*** Begin section ***

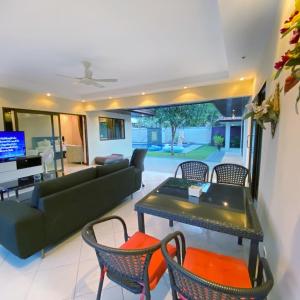 Una sala de estar con un sofá, una mesa y sillas. en Sunny2 Villa Pattaya, en Ban Huai Yai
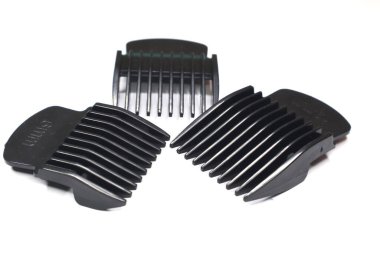 Değişen uzunluktaki birkaç saç kırpıcı beyaz bir yüzeye yerleştirilmiştir..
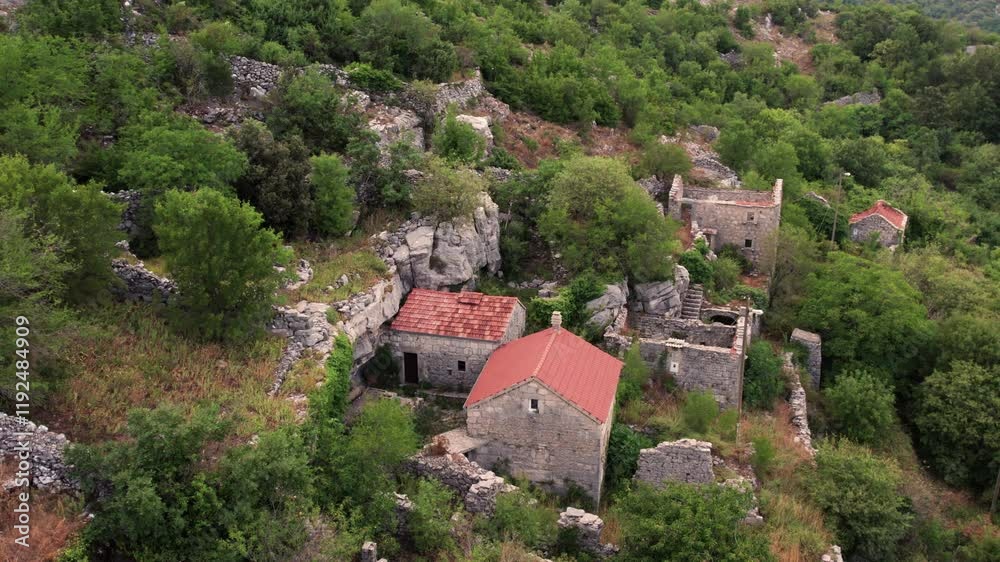 Aerial view of old stone house that is located beside a small cliff Aerial view of old stone house that is located beside a small cliff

*** End section ***

> _Task directions_
Would you set down the listing exactly, omitting pictures?

> _Reply to the task_
 Una sala de estar con un sofá, una mesa y sillas. en Sunny2 Villa Pattaya, en Ban Huai Yai
 Değişen uzunluktaki birkaç saç kırpıcı beyaz bir yüzeye yerleştirilmiştir..
 Aerial view of old stone house that is located beside a small cliff Aerial view of old stone house that is located beside a small cliff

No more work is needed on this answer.